Finesse fishing tends to be smaller baits, lighter weights, and line It can be a great technique on highly pressured bass
when I am finesse fishing I tend to use a 1/32oz bullet weight and a 1/0 or 2/0 light wire hook and a 4" finesse worm 
Throw the bait the same place you would throw any Texas rigged baits and just fish it real slow..

good luck Wayne


----------



## Mac (Apr 22, 2009)

These two presentations given here were jointly developed by my fishing buddy, Joe, my wife, Connie and myself. Each has gone through variations with time and each can be very effective under a goodly number of conditions.

Zoomies. A Zoomie is a Zoom Speedworm in watermelon/red with its tail cut off. It's texposed weightless on a 2/0 worm hook and when properly rigged, must hang straight on the hook. Again, it's fished weightless in the following manner......

Casting....the most productive cast is a sidearm skipping cast. Simply cast to likely cover and let the zoomie sink to the bottom, watching line at all times. The skipping alerts the bass that there is something feeding up on top. The slow weightless fall lets the bass see there is someting coming and the slow fall lets the bass study the prey on the way down. If the zoomie does actually hit bottom, allow it to rest motionless for 30 seconds......if nothing picks it up in that time....lift the bait s l o w l y until the rod tip has lifted it two feet. Now, at the top of the s l o w lift, tremor the bait once and then let re-fall.

Tremoring.....tremoring the bait occurs just when you grip the rod handle suddenly harder. It's not a jerk, just a sudden gripping. When done correctly, a tremor will hardly move the rod tip......down in the water, when the tremor occurs, the bait ideally will awaken with a start and will shoot off at an unexpected angle, but not go far, just a quick darting.

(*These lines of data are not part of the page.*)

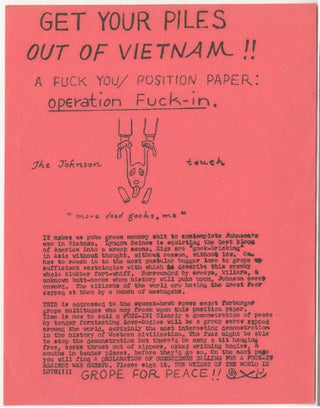 Item #5471 Operation Fuck-in: Get Your Piles Out of Vietnam. Ed Sanders
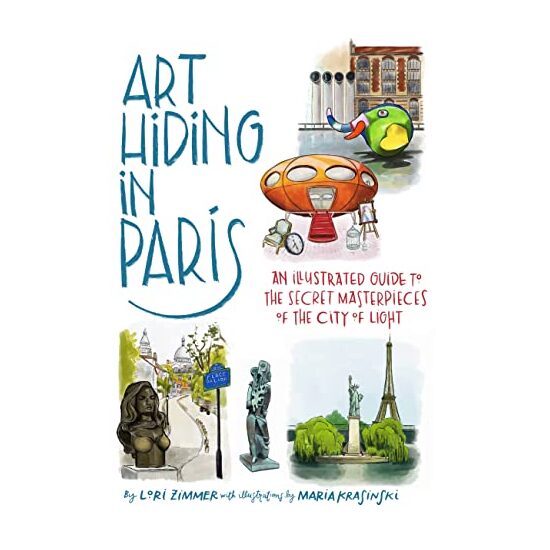 Art Hiding in Paris, Lori Zimmer, Maria Krasinski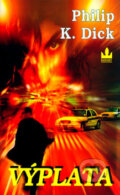 Kniha: Výplata (Philip K. Dick). Baronet, 2004 Kniha: Výplata (Philip K. Dick). Baronet, 2004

Re-falling......after tremoring, let the bait again fall to bottom and this time rest on bottom 15 seconds....after the 15 second pause, lift s l o w l y once again, and if nothing on this time, reel in at a moderate speed and cast to another likely spot.

Each cast done with this presentation, should take one minute. When bass are active, hookups will occur on the first drop.

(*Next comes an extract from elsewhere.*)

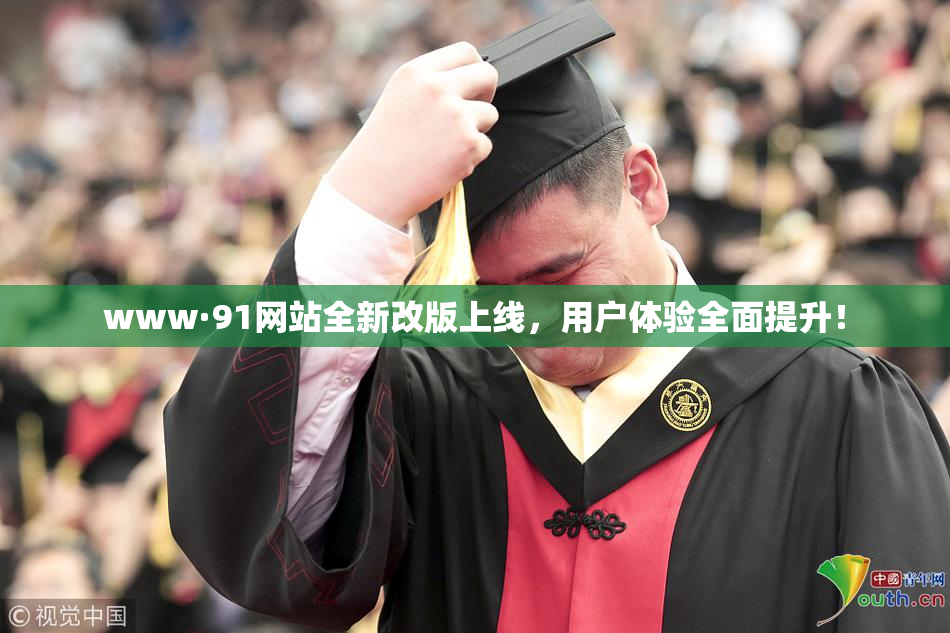 www·91网站全新改版上线，用户体验全面提升！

Connie's contribution.... the second presentation. She uses a regular cast to likely cover/structure and allows the zoomie to fall to bottom, but instead of waiting 30 seconds, only waits 15. She then reels in a half turn slowly and waits another 15 seconds....then after the pause, reels in a half turn s l o w l y and waits another 15 seconds. She does this retrieve until the bait has probably traveled 8 to 10 feet across bottom and then reels in at a moderate pace and casts to another likely spot.

About the long pauses in both presentations....the actual time you need to pause with each presentation will vary with conditions....in other words, a 10 second pause may work better on some days and a longer pause will work better on other days. The slowness overall of the bait presents easy prey to the fish and bothers the territorial fish as presenting itself as an intruder, but the pause times can be varied.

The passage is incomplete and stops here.